Veja texto de Luigi Poniwass que motivou essa resposta
Há, contudo, casos em que relevância e interesse público andam lado a lado. Como o primeiro encontro cara a cara do ex-presidente Luiz Inácio Lula da Silva com o juiz Sérgio Moro, que comanda as investigações da Operação Lava Jato. Relevância porque trata-se do primeiro depoimento do ex-presidente, um dos principais citados na investigação política que gerou mais repercussão na história deste país. Interesse público porque ambos os personagens mobilizam uma legião de apoiadores. Nesse caso específico, apoiadores de um lado não toleram o outro. De um lado, são chamados de mortadelas; de outro, de coxinhas. Houve uma polarização ímpar. Há quem chame de Fla-Flu. Não se fala de outra coisa. Cabe a analogia com uma final de Copa do Mundo, já que Lula e Moro são os expoentes máximos de cada lado.

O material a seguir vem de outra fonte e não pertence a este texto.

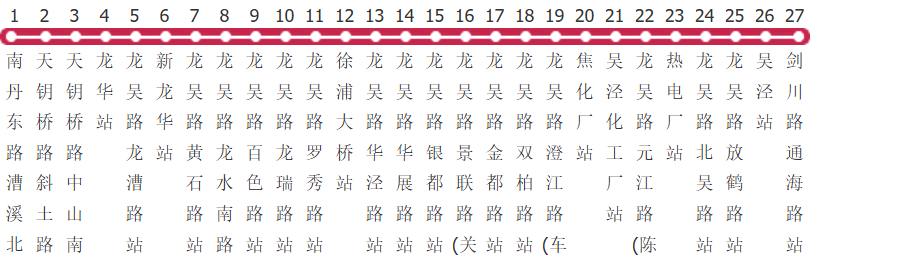 上海342路公交线路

A analogia é apropriada também porque a cidade de Curitiba, palco do depoimento, recebeu uma Copa do Mundo três anos atrás. Em torno do palco do confronto, um perímetro de isolamento, acessível apenas a credenciados. Moradores do entorno tiveram que mudar a rotina por causa disso. Milhares de agentes da lei foram envolvidos. Policiamento percorreu a cidade para escoltar comitivas. Houve esquemas de segurança no aeroporto. De um lado, milhares de torcedores. De outro, mais milhares. Muitos deles que vieram especialmente para a ocasião. Hotéis lotados por apenas um dia. Isso aconteceu em 2014, em quatro jogos do Mundial, e acontece de novo. Esse esse clima de final de Copa poderia ser evitado dos dois lados? Sim, mas, como nenhum dos dois lados cedeu, e o encontro foi inevitável, todo o clima se fez. Aliás, o próprio Moro falou em clima de Copa. Isso é sensacionalismo? A imprensa noticia o que existe. Há algum erro na analogia com uma final de Copa? Apenas um: o encontro entre Lula e Moro, nesta quarta-feira, não vai encerrar um ciclo que só recomeçaria daqui a quatro anos.